4割がトンネル、iPhone 5sは圏外になる

車窓からの立山連峰は絶景だ
車窓からの立山連峰は絶景だ

   新たに開業する金沢-長野のうち、約4割がトンネルだ。黒部宇奈月温泉駅を越えたあたりからトンネルが増え始め、糸魚川駅から先は「ほぼトンネル」だと言っても過言ではない。上越妙高駅周辺では一瞬だけ一面の雪景色を楽しめたが、直後に日本で4番目に長い飯山トンネル(22.3キロ)に突入。再び外は真っ暗になった。乗客が気付くのは難しいが、飯山トンネルは30パーミル(水平距離1キロあたり標高が30メートル上がる)という新幹線有数の「急勾配地帯」でもある。

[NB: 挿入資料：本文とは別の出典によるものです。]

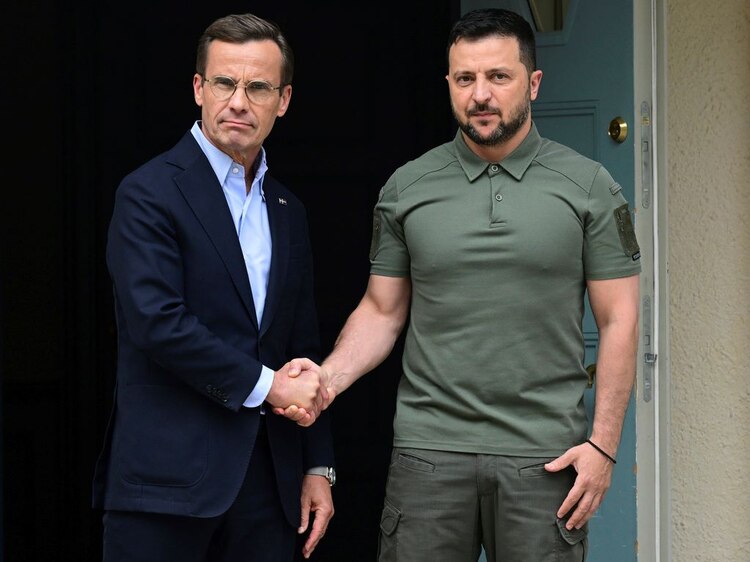 El presidente de Ucrania, Volodymyr Zelenskyy (derecha), estrecha la mano del primer ministro de Suecia, Ulf Kristersson, durante su visita a la residencia de verano del mandatario, en Harpsund, Suecia, el 19 de agosto de 2023.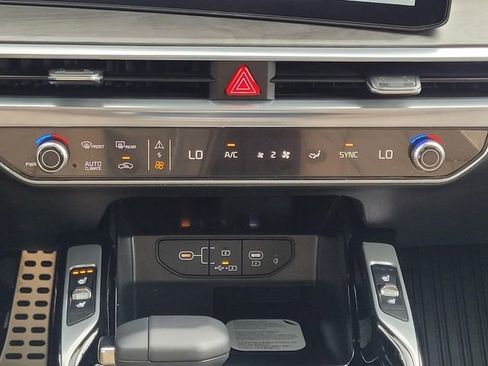 New 2026 Kia Sorento SX Prestige AWD/4WD image 19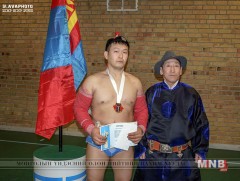 Стокхольм хотноо сар шинийн баярт зориулсан үндэсний бөхийн барилдаан боллоо 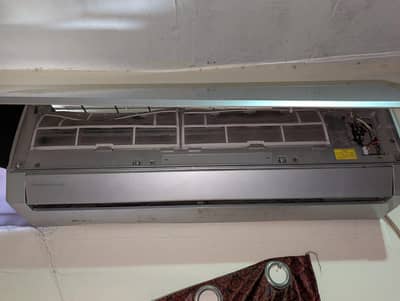 Gree Non inverter 1 Ton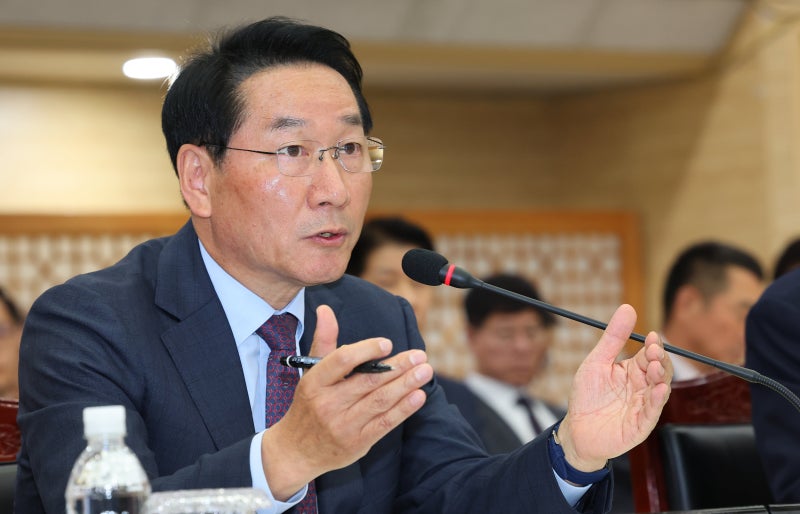 대선 국민의힘 후보 경선에 <b>공무원 동원</b> 혐의… <b>유정복 시장</b>, 검찰 송치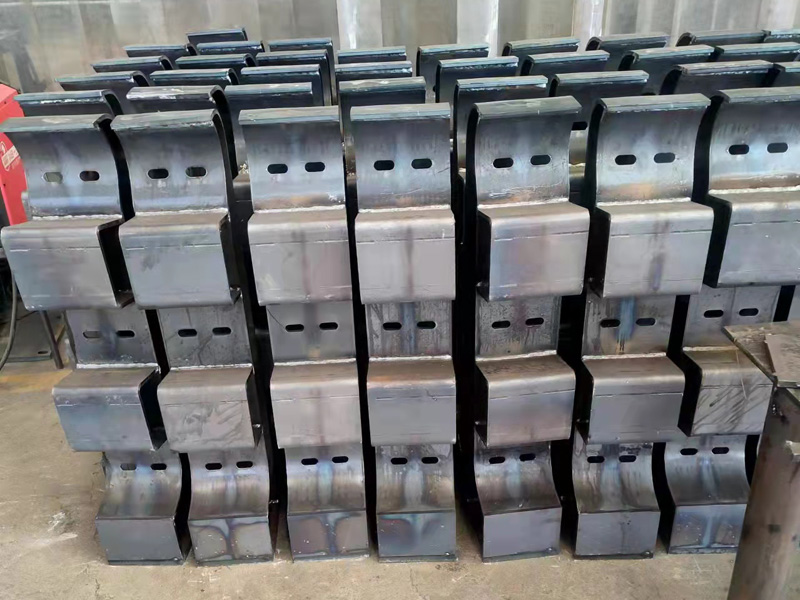 �ְ�����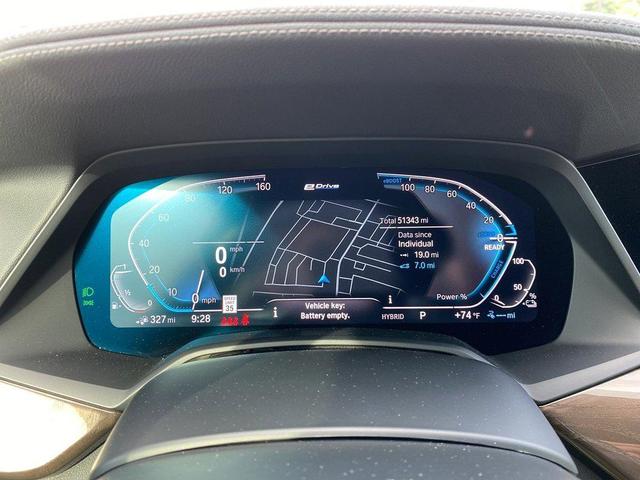 Photo of 2022 Phytonic Blue Metallic BMW X5 PHEV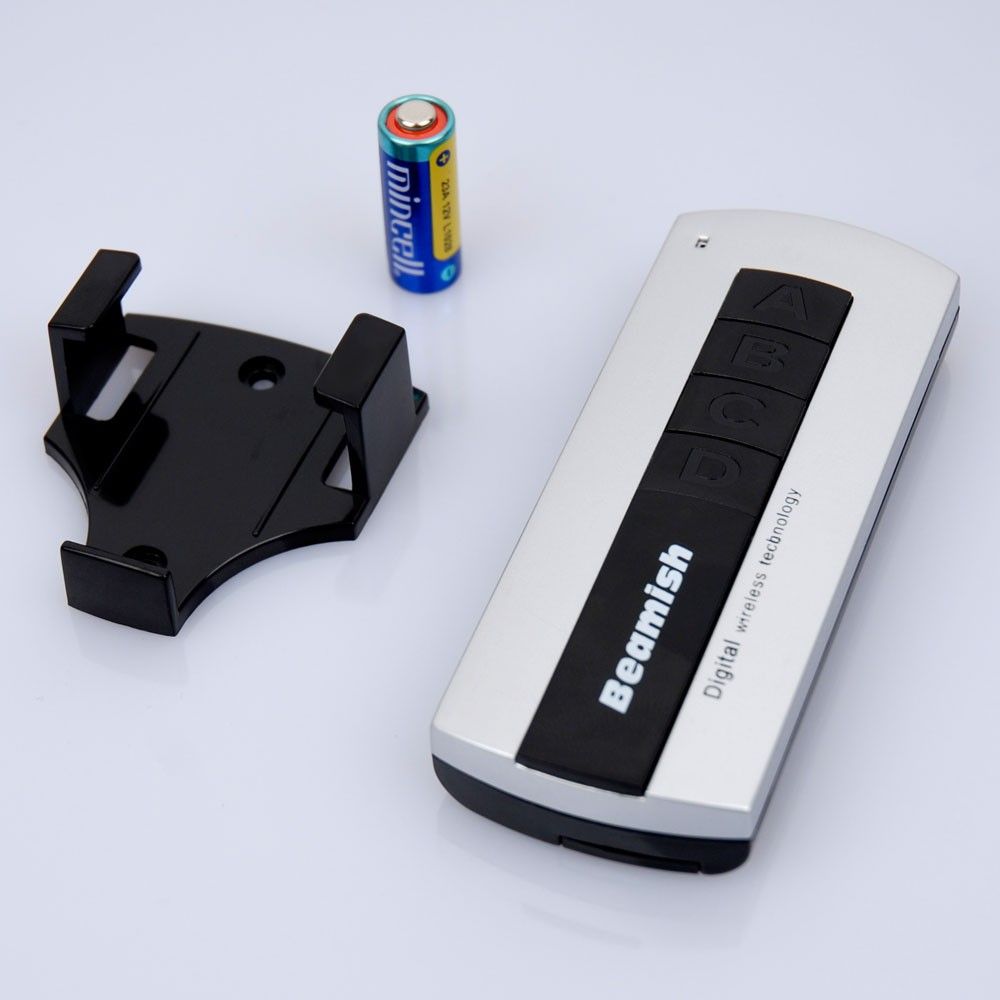 Funk-Kontroller mit Fernbedienung und Halterung, batteriebetrieben für kabellose Steuerung.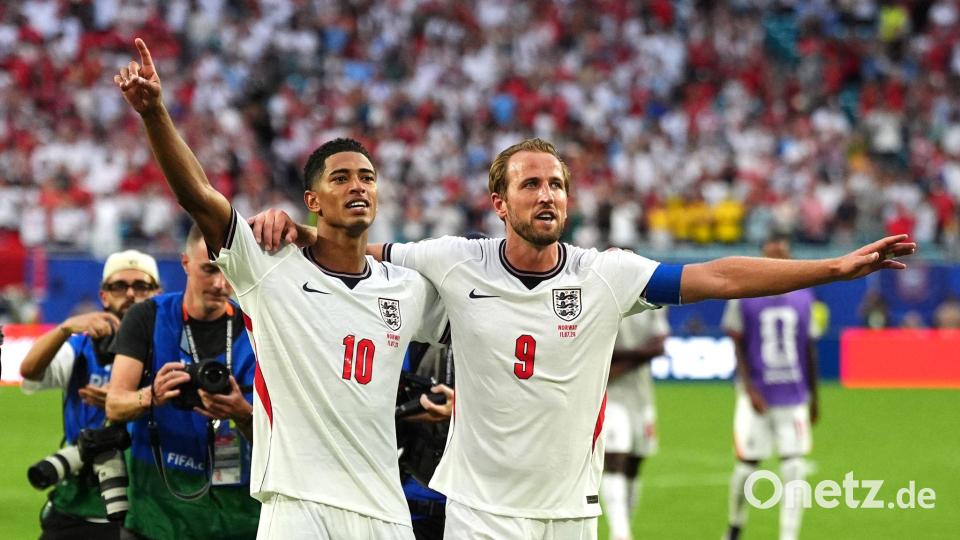 Jude Bellingham (l) und Harry Kane jubeln über den Halbfinaleinzug. Bild: Martin Rickett/PA Wire/dpa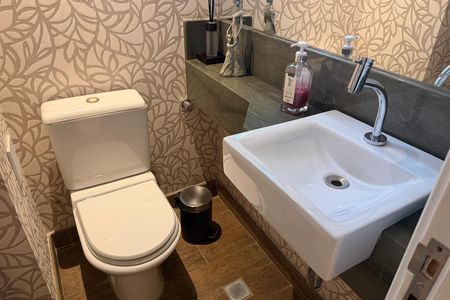 Lavabo de apartamento para alugar com 3 quartos, 148m² em Gonzaga, Santos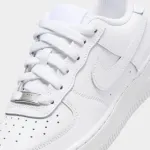 NIKE AIR FORCE 1 LE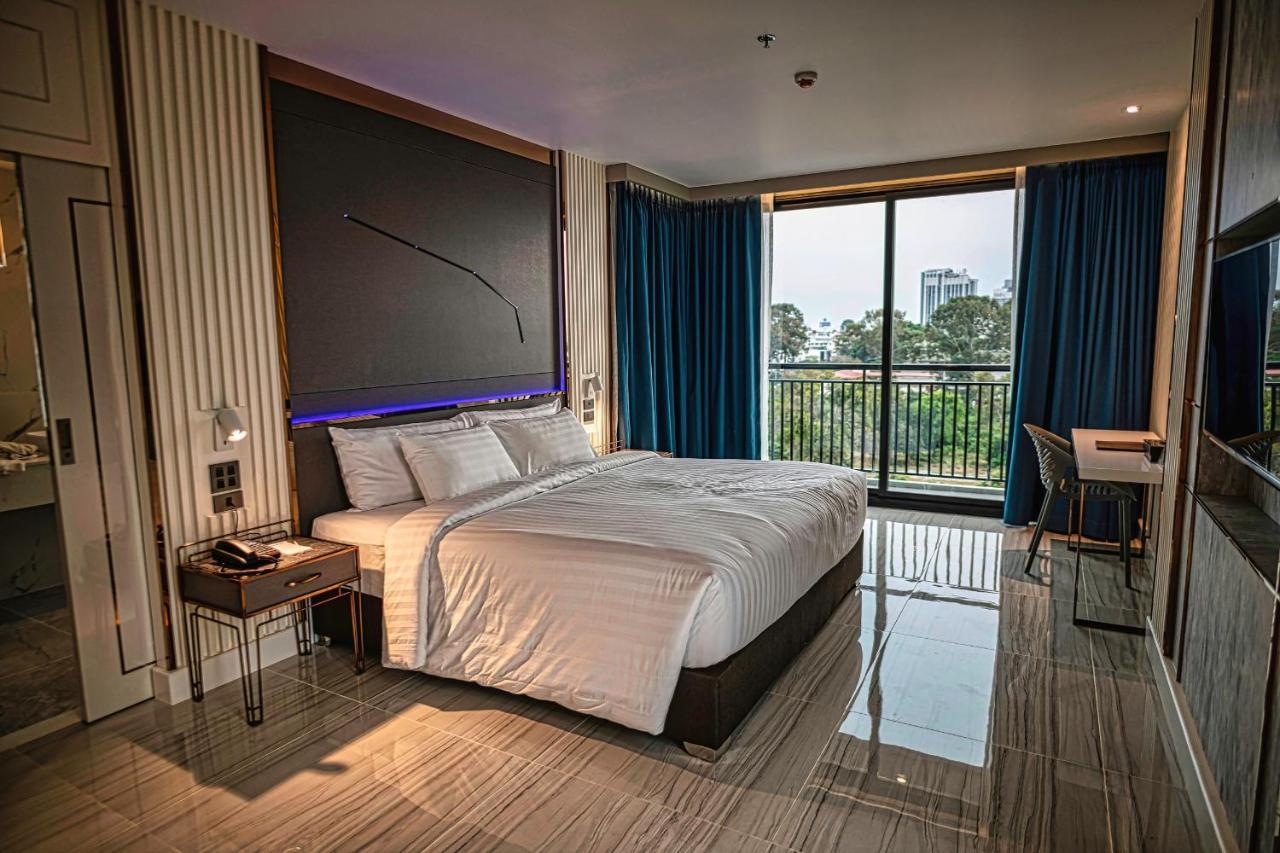 Pattaya Discovery Beach Hotel - Sha Extra Plus Ngoại thất bức ảnh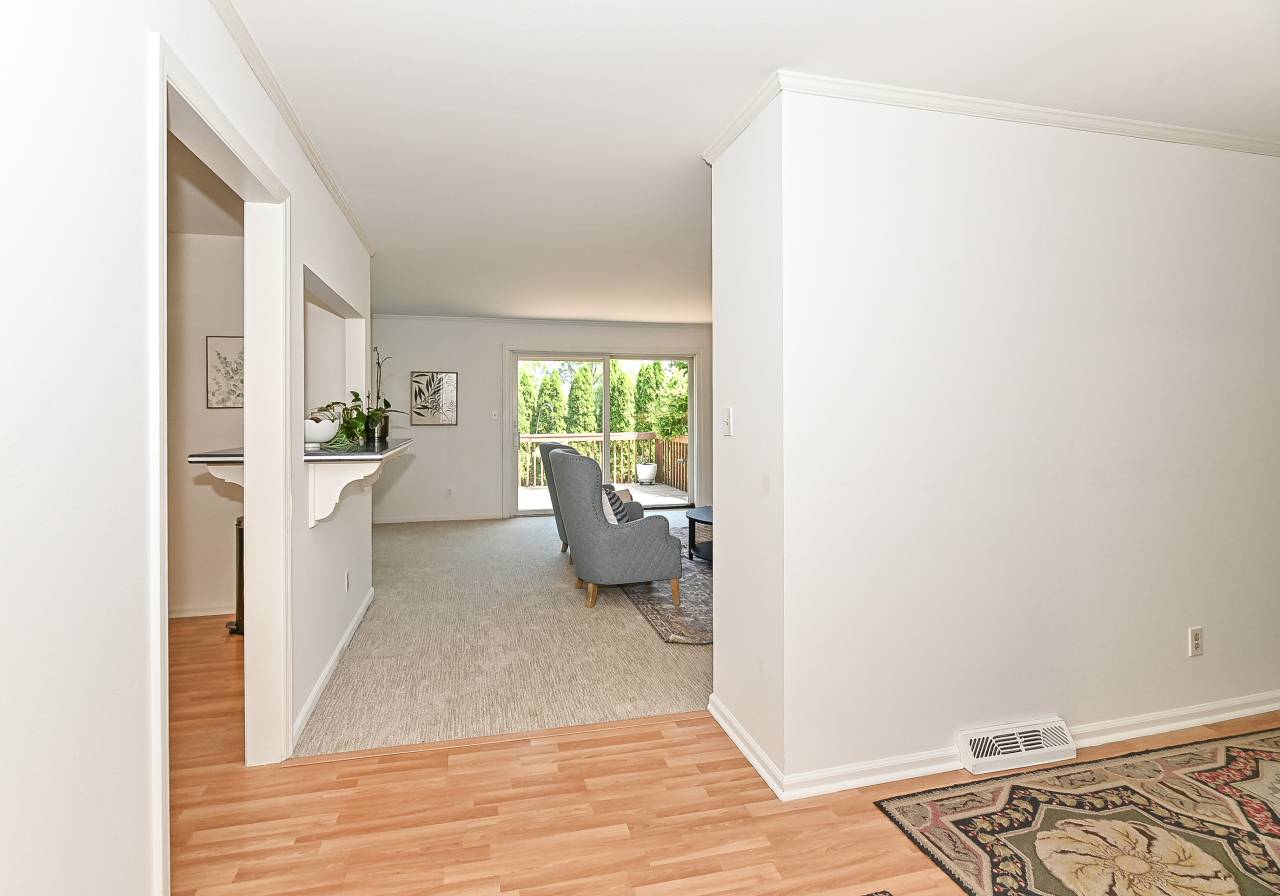 Bayside, WI 53217,544 W Cumberland Ct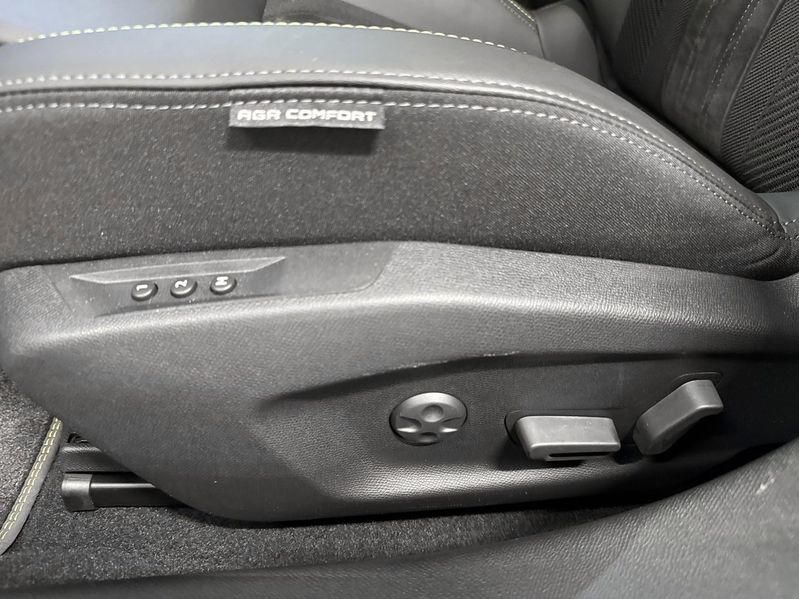 Peugeot 408 bild 20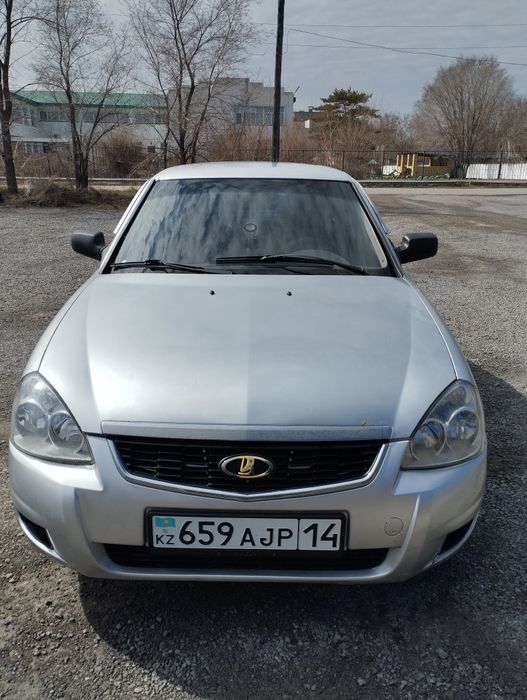 Продам живую Приору.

   列車は11時30分に長野駅に到着し、ゆるキャラやキャラバン隊の出迎えを受けた。

   前出のように車両のシートピッチが広い分、テーブルを出して作業したりする際に余裕が出たように感じられた。ただ、トンネルの中では携帯電話(記者はソフトバンクのiPhone 5sを使用)が圏外になるので、PCで作業していてもメールを送ることができない。トンネルが少ない区間や停車駅での短い時間を狙って通信するなど、一工夫が必要そうだ。

一般向け試乗会の倍率は77.3倍!

「E7系・W7系」の普通車。全席にコンセントがつき、従来よりもシートピッチが6センチ広がった
「E7系・W7系」の普通車。全席にコンセントがつき、従来よりもシートピッチが6センチ広がった

   北陸新幹線への関心は高く、2月7日と8日に行われる一般向けの試乗会では、2800人の募集に対して21万6319人(8万5407件)が応募。倍率は約77.3倍に達している。

   北陸新幹線は、新たに開業する金沢-長野間と、すでに長野新幹線として営業している長野-東京間と合わせると、停車駅が少ない「かがやき」の場合で、金沢-長野を最速1時間5分、金沢-東京間を最速2時間28分で結ぶことになる。

   これまでは、東京から金沢まで陸路で行く場合は越後湯沢で上越新幹線から「はくたか」号に乗り換えて合計3時間47分かかっていた。北陸新幹線の開業で、これが1時間20分程度短縮されることになる。

   E7系・W7系の1編成は12両で構成され、一度に934人を運ぶことができる。「かがやき」「はくたか」合わせて東京-金沢を1日に24往復する予定で、首都圏と北陸の間に新たな「動脈」が誕生する。東京-金沢の2010年時点でのシェアは航空機が64%を占めるが、新幹線が逆転するのは確実だ。

   日本航空(JAL)は金沢に近い小松空港、全日空(ANA)は小松空港と富山空港に乗り入れている。北陸新幹線の開業で大幅に乗客が減少するとみられるが、現時点では減便せずに飛行機を小さいサイズのものに切り替えて対応する。羽田空港で乗り継ぐ乗客の需要を見込んでいることに加え、減便して利便性が悪くなった結果、客離れが加速することを避けるためだ。